◆ **PROBLEM DESCRIPTION**
Reproduce the section of the listing that begins at the line containing "Cool Penatonic Solo Riff" and finishes at the line containing "Figure 1 1 : A d m i nistrator u se cases". Include both end lines and nothing beyond them.

◆ **PROVIDED DATA**
------------------------------
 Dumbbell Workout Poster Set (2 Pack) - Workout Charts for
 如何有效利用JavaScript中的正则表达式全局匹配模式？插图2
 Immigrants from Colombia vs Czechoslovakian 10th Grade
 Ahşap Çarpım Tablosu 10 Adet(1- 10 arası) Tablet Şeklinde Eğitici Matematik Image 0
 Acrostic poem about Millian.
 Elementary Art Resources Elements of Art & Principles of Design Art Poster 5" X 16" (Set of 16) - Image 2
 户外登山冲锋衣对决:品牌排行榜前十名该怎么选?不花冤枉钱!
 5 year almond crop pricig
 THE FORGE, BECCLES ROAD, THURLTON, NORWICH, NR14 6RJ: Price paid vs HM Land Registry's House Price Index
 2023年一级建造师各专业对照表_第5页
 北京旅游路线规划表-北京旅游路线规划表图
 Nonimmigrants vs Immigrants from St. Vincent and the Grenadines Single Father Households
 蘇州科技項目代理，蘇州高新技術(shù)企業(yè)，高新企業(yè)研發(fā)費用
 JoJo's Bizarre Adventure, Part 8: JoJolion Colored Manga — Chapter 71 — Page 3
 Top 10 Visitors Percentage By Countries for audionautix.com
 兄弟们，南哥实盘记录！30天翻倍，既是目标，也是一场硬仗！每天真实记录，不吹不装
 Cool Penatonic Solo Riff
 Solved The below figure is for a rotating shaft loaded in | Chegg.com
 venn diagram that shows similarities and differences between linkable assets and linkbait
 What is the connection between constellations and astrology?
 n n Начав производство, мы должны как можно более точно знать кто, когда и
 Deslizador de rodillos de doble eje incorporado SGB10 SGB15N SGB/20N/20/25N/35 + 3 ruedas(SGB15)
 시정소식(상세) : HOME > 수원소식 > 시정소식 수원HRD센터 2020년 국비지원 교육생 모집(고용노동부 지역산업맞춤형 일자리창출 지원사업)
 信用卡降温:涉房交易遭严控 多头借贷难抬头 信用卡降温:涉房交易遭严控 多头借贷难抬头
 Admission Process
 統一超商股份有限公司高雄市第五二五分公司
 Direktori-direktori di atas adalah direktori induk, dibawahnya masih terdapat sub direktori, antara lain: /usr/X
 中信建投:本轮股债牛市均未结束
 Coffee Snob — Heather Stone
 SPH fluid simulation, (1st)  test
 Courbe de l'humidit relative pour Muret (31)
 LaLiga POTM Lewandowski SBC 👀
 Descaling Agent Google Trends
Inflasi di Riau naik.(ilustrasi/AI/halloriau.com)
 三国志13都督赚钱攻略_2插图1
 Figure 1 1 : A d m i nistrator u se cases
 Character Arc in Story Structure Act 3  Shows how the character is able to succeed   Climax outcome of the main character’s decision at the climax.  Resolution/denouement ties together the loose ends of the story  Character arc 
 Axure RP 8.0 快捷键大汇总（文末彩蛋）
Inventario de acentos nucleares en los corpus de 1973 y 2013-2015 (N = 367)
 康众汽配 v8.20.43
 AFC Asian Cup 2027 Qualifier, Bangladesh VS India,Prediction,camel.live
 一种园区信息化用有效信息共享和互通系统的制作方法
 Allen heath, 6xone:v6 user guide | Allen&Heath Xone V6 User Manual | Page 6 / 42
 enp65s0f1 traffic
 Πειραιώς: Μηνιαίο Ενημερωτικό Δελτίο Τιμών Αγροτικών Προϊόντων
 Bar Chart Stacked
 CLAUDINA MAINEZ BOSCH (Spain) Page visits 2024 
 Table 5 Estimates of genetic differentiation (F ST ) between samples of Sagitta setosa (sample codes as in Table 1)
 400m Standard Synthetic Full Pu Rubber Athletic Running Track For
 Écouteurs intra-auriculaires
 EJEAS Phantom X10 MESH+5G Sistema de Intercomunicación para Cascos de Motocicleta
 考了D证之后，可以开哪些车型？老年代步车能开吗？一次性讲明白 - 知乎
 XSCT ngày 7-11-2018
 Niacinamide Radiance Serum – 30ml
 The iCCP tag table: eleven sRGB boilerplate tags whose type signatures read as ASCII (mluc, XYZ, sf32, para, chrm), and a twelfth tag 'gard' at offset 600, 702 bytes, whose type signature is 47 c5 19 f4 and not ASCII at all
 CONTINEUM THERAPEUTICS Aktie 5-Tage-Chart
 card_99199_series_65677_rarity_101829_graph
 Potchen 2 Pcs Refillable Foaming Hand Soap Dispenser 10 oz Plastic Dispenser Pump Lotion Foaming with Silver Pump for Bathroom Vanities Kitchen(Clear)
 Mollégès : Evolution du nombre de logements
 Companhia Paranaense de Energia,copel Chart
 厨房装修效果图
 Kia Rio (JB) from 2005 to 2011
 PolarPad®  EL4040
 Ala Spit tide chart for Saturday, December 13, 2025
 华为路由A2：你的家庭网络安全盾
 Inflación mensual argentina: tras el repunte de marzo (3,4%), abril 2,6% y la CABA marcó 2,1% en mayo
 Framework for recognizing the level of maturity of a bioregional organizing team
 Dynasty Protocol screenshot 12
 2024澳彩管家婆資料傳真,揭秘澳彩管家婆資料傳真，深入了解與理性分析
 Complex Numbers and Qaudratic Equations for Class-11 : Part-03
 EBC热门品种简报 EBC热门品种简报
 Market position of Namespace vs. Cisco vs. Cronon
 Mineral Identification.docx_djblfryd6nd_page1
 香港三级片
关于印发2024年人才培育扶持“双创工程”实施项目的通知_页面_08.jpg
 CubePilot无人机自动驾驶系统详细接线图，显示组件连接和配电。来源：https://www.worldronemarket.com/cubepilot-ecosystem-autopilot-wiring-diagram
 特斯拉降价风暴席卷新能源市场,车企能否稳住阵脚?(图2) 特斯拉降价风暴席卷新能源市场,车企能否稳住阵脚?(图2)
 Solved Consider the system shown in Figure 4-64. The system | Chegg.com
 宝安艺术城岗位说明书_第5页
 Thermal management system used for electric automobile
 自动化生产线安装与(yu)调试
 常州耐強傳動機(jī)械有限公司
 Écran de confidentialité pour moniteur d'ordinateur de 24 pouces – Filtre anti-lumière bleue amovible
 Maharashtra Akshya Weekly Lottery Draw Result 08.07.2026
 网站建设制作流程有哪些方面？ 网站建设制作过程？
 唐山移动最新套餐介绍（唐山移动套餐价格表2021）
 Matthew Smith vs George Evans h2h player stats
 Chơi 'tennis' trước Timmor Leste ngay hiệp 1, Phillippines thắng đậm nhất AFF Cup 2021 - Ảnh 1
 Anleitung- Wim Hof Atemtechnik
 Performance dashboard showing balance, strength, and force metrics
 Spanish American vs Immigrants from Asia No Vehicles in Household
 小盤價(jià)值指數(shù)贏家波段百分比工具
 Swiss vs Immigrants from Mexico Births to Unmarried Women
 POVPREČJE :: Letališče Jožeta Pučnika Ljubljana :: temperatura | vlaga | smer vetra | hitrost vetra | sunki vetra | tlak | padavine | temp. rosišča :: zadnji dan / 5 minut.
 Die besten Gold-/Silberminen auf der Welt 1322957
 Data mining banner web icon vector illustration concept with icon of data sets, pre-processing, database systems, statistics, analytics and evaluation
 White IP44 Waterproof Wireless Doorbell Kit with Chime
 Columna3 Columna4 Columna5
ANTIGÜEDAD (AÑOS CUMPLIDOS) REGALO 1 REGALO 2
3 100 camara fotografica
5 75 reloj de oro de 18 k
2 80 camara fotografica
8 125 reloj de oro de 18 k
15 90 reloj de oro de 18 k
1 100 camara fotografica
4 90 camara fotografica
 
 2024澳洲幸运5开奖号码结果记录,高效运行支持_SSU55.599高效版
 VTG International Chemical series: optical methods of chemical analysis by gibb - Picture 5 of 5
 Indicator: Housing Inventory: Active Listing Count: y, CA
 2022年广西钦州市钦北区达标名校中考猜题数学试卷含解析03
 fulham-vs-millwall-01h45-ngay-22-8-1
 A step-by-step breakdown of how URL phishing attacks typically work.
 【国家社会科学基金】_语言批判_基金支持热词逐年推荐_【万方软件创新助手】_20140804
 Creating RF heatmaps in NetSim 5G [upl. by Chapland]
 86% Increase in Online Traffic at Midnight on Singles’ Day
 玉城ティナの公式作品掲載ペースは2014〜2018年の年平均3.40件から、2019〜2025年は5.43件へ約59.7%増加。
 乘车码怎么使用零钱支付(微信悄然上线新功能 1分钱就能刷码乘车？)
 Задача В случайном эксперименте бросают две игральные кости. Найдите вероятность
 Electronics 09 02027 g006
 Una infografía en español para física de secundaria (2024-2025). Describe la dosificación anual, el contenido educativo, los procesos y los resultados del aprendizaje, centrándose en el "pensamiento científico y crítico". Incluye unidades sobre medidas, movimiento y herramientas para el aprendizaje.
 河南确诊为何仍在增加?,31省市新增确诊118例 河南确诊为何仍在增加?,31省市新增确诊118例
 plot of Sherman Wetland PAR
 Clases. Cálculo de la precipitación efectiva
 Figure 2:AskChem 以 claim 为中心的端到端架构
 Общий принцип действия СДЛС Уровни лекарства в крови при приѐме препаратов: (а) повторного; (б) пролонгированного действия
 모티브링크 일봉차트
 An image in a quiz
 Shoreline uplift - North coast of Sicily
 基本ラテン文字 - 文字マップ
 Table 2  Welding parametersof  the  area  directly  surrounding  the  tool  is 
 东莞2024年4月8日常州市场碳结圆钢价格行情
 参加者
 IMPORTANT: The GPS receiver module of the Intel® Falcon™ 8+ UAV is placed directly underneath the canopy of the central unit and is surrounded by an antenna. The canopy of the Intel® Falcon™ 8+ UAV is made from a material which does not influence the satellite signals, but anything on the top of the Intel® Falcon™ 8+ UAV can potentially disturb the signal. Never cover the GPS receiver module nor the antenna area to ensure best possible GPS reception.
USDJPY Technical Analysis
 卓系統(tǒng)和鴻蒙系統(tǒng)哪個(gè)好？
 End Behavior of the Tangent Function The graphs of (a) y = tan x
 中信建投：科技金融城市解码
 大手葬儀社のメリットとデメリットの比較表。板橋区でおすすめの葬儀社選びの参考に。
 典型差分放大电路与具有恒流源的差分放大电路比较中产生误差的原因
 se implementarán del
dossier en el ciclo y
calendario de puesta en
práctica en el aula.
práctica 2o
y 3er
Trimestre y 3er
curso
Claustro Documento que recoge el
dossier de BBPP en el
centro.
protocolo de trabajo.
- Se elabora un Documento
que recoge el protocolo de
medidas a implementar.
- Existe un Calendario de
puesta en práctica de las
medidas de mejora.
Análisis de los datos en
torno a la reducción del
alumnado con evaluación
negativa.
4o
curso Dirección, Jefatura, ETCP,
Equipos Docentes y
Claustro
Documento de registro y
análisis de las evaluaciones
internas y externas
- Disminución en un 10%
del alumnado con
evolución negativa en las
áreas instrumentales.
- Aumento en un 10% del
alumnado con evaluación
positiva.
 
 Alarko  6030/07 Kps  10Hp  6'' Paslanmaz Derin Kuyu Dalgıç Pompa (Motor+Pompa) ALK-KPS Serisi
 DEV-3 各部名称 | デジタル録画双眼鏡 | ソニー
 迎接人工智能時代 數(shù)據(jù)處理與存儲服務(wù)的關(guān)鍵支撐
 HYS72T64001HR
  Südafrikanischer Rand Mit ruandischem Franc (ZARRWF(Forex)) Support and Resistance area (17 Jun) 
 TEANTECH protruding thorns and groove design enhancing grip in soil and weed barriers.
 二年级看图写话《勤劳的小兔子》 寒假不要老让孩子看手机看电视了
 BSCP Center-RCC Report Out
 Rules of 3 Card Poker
------------------------------
◆ **RESULT OF THIS EXERCISE**
 Cool Penatonic Solo Riff
 Solved The below figure is for a rotating shaft loaded in | Chegg.com
 venn diagram that shows similarities and differences between linkable assets and linkbait
 What is the connection between constellations and astrology?
 n n Начав производство, мы должны как можно более точно знать кто, когда и
 Deslizador de rodillos de doble eje incorporado SGB10 SGB15N SGB/20N/20/25N/35 + 3 ruedas(SGB15)
 시정소식(상세) : HOME > 수원소식 > 시정소식 수원HRD센터 2020년 국비지원 교육생 모집(고용노동부 지역산업맞춤형 일자리창출 지원사업)
 信用卡降温:涉房交易遭严控 多头借贷难抬头 信用卡降温:涉房交易遭严控 多头借贷难抬头
 Admission Process
 統一超商股份有限公司高雄市第五二五分公司
 Direktori-direktori di atas adalah direktori induk, dibawahnya masih terdapat sub direktori, antara lain: /usr/X
 中信建投:本轮股债牛市均未结束
 Coffee Snob — Heather Stone
 SPH fluid simulation, (1st)  test
 Courbe de l'humidit relative pour Muret (31)
 LaLiga POTM Lewandowski SBC 👀
 Descaling Agent Google Trends
Inflasi di Riau naik.(ilustrasi/AI/halloriau.com)
 三国志13都督赚钱攻略_2插图1
 Figure 1 1 : A d m i nistrator u se cases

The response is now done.